Tuesday, August 5, 2008

James Cook's journals might put the kybosh on AGW belief

Or not.

METICULOUSLY kept logbooks of Captain James Cook's Endeavour are to be analysed by researchers studying modern climate change.

Thousands of Royal Navy records that have survived from the 17th century, ranging from Nelson's Victory and the Endeavour down to the humblest frigate, have emerged as one of the world's best sources for long-term weather data.

The discovery has been made by a group of British academics and Meteorological Office scientists who were seeking new ways to plot historic changes in the climate.

"This is a treasure trove," said Sam Willis, a maritime historian and author who is affiliated with Exeter University's Centre for Maritime Historical Studies.

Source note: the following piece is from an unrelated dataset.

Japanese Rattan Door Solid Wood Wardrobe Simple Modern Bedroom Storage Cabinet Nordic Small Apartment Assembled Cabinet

"Ships' officers recorded air pressure, wind strength, air and sea temperature, and other weather conditions," Dr Willis said. "From those records scientists can build a detailed picture of past weather and climate."

I think you can buy extracts from the journals from the Australian National Library. Have a look here.


Peter Pan said...

The crocodile ate the Captain’s homework as he returned from building an empire. So what did he do? He fudged the results to make our Enchanted Planet appear to be fraught with storms, delirium and mermaids.

Faith, trust and pixie dust! You’re a flat-earth denialist, Hook!

Pass me my sword, Tink…

This is Never Land and I’ll never grow up!

Zardoz said...

The Hawaiians killed off Captain Cook, an early “denier”, back in 1779 in an attempt to silence the foes of AGW. Even today the site of the Captain Cook Monument, on Kealakekua Bay on the Big Island of Hawaii, is maintained by the Royal Navy in an attempt to keep the nosy seppos at a safe distance.

The truth is out there.

kae said...

Hey Zardoz, I've been to that memorial!

I hadn't realised the deep conspiratorial meaning in it in September/October 1991 when I was in Hawaii.

kae said...

Peter Pan, it's COOK, dear. COOK, not Hook.

And yes, I think he's a denialist, before it became unfashionable.